## Extracted material:
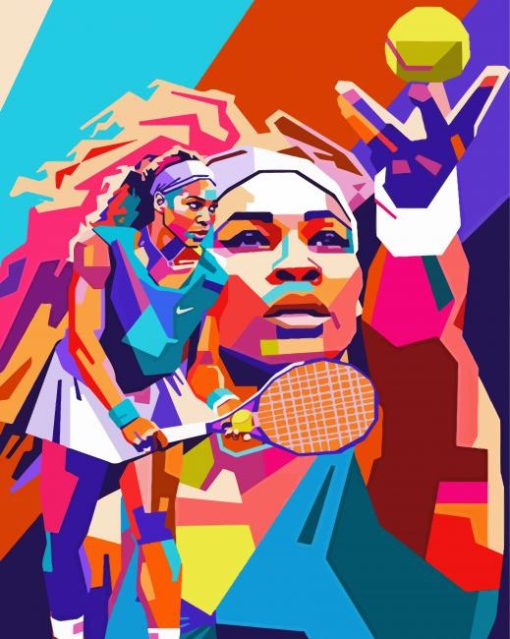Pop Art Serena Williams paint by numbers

* * *

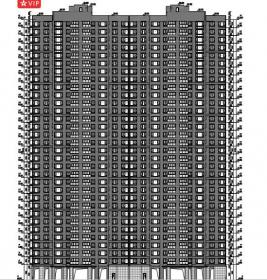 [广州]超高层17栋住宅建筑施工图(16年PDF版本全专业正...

---

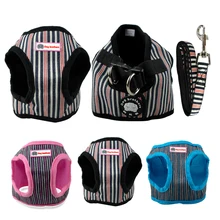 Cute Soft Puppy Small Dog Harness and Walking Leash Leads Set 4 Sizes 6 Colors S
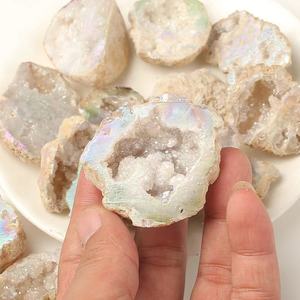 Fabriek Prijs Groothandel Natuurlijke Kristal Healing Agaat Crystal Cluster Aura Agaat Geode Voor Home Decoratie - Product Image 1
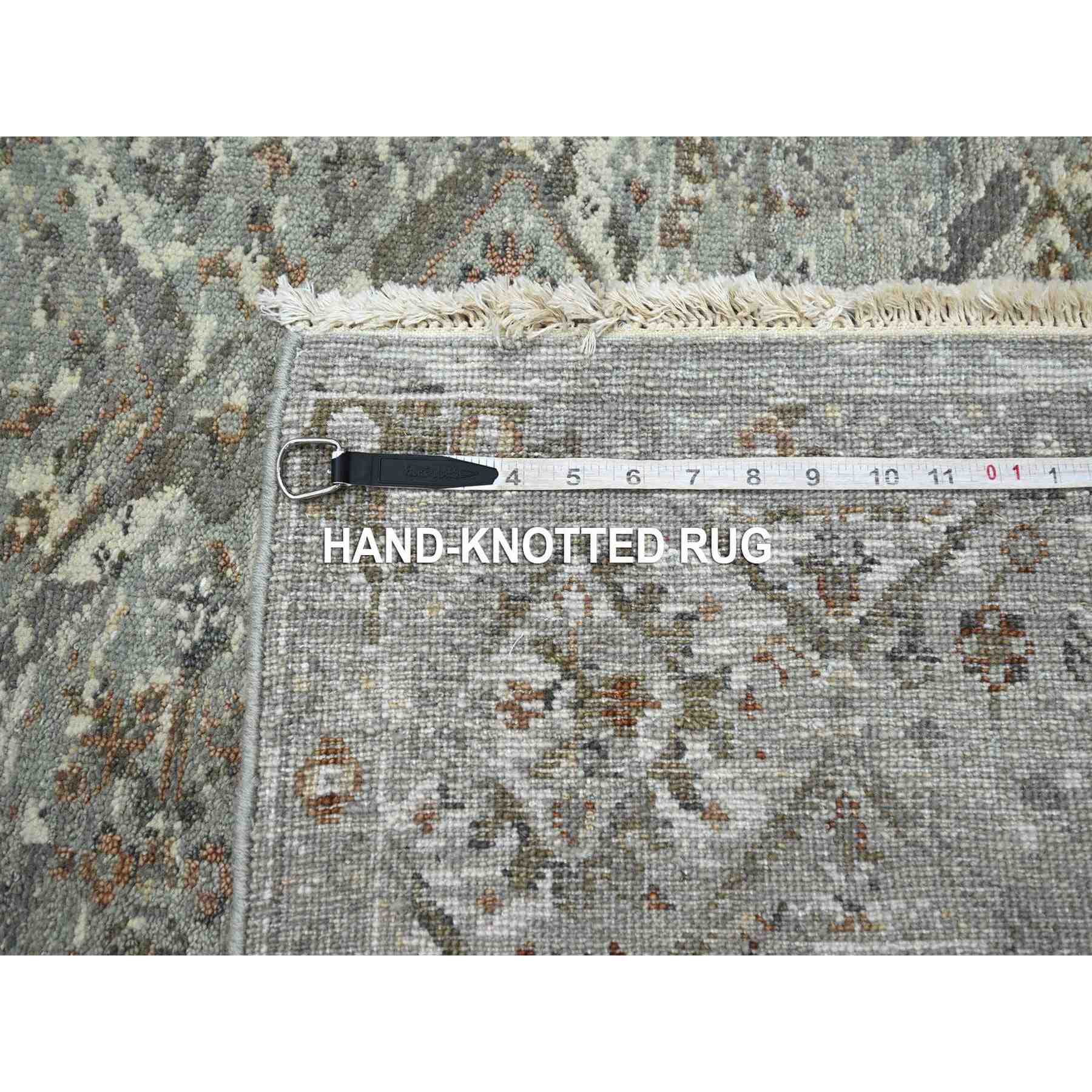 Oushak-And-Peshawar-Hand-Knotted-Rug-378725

## What is needed:
An exact transcription is needed of the lines from the one with "Cute Soft Puppy" to the one with "Oushak-And-Peshawar-Hand-Knotted-Rug-378725" above, both ends included, with pictures left out.

## Solution to the exercise:
 Cute Soft Puppy Small Dog Harness and Walking Leash Leads Set 4 Sizes 6 Colors S
 Fabriek Prijs Groothandel Natuurlijke Kristal Healing Agaat Crystal Cluster Aura Agaat Geode Voor Home Decoratie - Product Image 1
 Oushak-And-Peshawar-Hand-Knotted-Rug-378725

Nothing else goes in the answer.